*** Opening Dataset ***

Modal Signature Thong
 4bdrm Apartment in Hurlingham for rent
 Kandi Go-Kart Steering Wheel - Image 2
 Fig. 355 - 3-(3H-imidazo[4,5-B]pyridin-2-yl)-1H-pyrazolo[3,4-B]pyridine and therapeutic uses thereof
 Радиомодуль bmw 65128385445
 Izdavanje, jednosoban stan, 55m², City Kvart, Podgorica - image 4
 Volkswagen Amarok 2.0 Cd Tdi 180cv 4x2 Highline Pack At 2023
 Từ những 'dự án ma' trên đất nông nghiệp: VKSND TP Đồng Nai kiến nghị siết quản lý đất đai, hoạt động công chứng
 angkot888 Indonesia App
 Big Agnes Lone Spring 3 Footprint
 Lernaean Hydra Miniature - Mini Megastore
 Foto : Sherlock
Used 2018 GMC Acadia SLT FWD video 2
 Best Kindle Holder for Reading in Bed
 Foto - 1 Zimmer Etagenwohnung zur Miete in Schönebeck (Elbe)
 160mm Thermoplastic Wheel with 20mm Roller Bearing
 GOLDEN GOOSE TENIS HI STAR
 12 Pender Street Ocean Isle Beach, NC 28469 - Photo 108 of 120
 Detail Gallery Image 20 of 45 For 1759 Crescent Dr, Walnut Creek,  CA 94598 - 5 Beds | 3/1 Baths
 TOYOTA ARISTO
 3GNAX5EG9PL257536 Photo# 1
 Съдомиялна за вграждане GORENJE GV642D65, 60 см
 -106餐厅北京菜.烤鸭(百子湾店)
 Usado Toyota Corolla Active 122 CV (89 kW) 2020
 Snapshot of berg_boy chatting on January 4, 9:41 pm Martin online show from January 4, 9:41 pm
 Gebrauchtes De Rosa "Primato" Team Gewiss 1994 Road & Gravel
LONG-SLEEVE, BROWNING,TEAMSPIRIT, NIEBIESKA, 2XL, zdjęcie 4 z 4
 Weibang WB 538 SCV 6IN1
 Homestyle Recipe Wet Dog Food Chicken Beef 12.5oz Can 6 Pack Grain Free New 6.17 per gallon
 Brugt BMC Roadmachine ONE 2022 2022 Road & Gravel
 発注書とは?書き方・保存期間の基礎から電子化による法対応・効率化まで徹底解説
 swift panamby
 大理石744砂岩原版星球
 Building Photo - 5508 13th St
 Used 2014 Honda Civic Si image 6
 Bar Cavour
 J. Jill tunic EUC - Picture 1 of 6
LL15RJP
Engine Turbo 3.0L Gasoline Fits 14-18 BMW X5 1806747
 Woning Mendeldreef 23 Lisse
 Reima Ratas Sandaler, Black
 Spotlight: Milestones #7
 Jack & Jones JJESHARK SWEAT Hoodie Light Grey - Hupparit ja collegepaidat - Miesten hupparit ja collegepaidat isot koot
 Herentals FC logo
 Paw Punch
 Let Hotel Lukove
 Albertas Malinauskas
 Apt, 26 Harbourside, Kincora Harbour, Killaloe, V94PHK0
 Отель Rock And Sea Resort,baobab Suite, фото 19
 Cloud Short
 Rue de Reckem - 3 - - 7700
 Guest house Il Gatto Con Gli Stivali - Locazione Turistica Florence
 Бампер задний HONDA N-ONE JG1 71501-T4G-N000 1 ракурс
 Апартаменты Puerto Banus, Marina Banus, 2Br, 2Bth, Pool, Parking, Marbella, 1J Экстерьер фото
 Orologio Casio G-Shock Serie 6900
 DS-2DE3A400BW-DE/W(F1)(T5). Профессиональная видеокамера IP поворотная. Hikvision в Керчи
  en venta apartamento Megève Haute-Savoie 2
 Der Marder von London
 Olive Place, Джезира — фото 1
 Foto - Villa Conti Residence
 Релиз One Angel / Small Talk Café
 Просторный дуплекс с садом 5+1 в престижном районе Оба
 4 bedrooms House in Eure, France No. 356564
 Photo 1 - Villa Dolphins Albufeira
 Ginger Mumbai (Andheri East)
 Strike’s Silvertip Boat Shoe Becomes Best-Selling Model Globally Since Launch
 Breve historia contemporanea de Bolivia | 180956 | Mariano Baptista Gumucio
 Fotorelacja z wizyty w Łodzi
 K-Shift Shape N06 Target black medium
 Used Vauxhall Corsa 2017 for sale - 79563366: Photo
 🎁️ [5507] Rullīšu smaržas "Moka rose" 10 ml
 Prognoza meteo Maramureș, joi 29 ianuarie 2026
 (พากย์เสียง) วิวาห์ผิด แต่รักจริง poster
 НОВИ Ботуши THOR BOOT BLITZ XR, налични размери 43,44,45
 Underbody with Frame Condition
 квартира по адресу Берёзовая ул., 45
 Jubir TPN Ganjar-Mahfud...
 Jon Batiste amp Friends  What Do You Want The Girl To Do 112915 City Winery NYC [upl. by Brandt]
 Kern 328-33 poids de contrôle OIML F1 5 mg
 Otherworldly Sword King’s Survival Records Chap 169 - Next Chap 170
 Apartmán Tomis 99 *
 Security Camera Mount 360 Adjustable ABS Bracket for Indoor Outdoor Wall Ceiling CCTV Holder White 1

*** Closing Dataset ***

- What to do -
Filter these records, keeping every line where the word "Holder" occurs.

- Output -
 Best Kindle Holder for Reading in Bed
 Security Camera Mount 360 Adjustable ABS Bracket for Indoor Outdoor Wall Ceiling CCTV Holder White 1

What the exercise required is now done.